A sua parte ainda em “Luta por Mim” soa a algo póstumo, cheio de indicações para depois de morrer, afirmando na mesma que não vai morrer, talvez pelo corpo de trabalho e arte que deixa. Que legado espera conseguir deixar? 

Eu quero deixar o quão legítimo é falar. Estive muito tempo sem falar e me sentindo muito insegura e agora que eu provei pela primeira vez esse sabor do que é falar, do que é evidenciar as palavras, eu quero continuar e quero que as pessoas sintam essa importância do falar e projetar. Acredito que o meu epitáfio vai ser: “Ainda não sei o que é o amor, ainda não sei o que é amar, mas amei muito.” E tudo o que eu não soube o que era o amor, eu tive que inventar, e tem sido uma delícia inventar esses sentimentos.

No single “Sou Eu” podemos ouvir: “Eu quero ser quem eu sou e quero que você me ame tanto ao ponto de eu mostrar quem eu sou de verdade, mostrar as minhas cicatrizes”. Considera que já encontra no seu público e nos seus fãs essa liberdade para tal? 

Com certeza. E é muito maluco que depois do lançamento do CORPO SEM JUÍZO esses shows têm sido muito diferentes dos anteriores. Eu costumava cantar muitas músicas nos meus shows, covers também, e até nos shows que eu fazia com a Linn eu acredito que tinha uma capa de proteção, onde nada me abalava. Agora executando o CORPO SEM JUÍZO não tem um show que eu não chore. Eu fico realmente muito transparente, o meu contacto com o público tem sido outro também, de olhar nos olhos, de cantar olhando para as pessoas. Eu acho que antigamente era muito mais performática, mas vinda desse lugar de criar uma pessoa para me sentir segura, e agora eu me sinto totalmente nua. Sinto a me potencializar. Algo totalmente diferente.

Atuou juntamente com Badsista no dia 23 de abril no Pérola Negra no Porto e dia 24 do mesmo mês no Musicbox, em Lisboa. Como foi essa experiência? 

Nossa, então, eu dei uma abertura na minha tournée aqui no Brasil, justamente porque apareceu essa oportunidade de fazer Porto e Lisboa, cidades que eu amo muito.

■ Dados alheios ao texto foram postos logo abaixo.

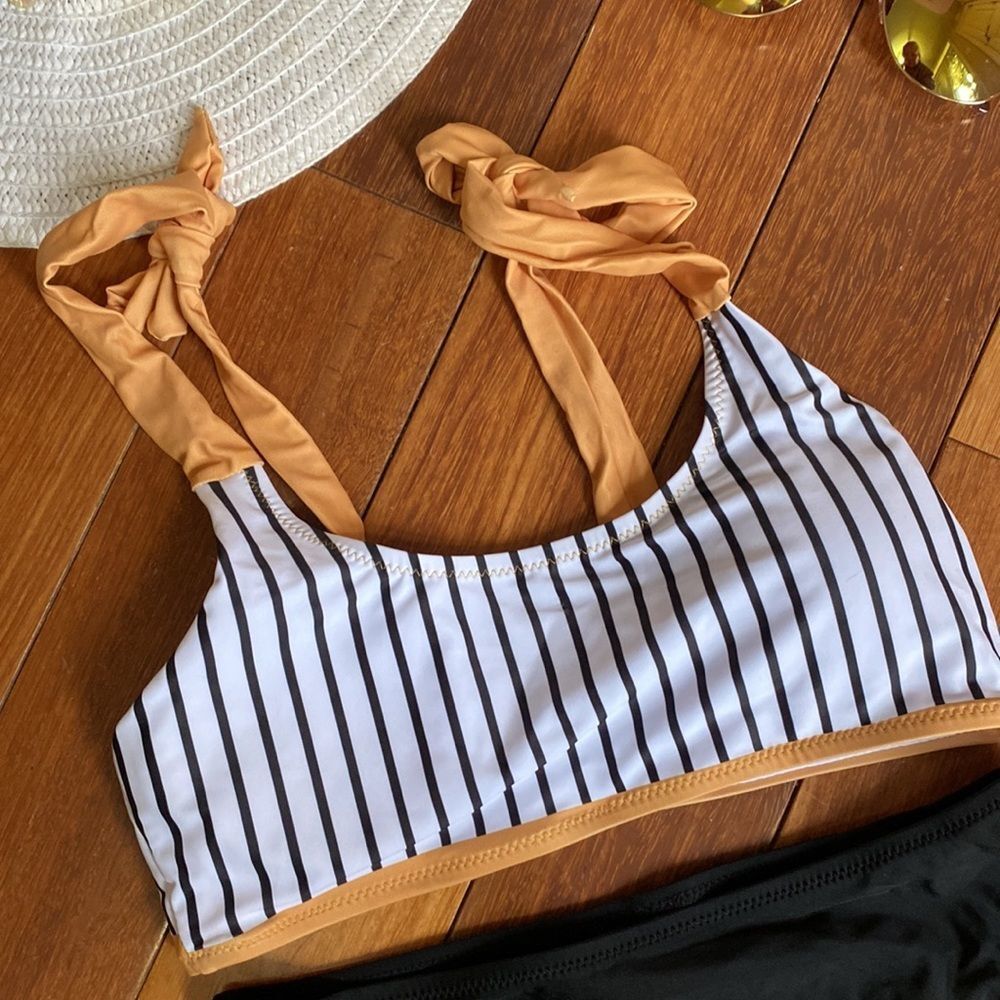 Blooming Jelly Black and White Strip Bikini Top Sz XS NWT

Aí eu falei para encaixar esses lugares na nossa tournée, pelo menos esses dois, depois a gente projetava para fazer Europa e tudo mais, mas eu sempre fui muito bem recebida e fui num momento muito certeiro. Eu acho que estava precisando ter essa injeção de ânimo de atravessar o oceano e ver pessoas cantando a minha música e ser tão bem recebida, tanto pela organização dos dois lugares como pelo público. E eu me prego muito à humildade, gosto muito de conversar com as pessoas, não gosto de ser essa diva inacessível, então lá no Pérola fiz amizades com todos os seguranças, para trocar ideia e mensagens de Instagram. Também acho incrível a galera do Musicbox, reconheço muito a feitura de como esse lugar fortalece a cena independente brasileira, quantos amigos e amigas não foram tocar já no Musicbox. Incrível e extremamente potente e atrai público com fome, com sede e com calor, é muito mágico, então foi uma experiência incrível e que eu precisava muito ter passado.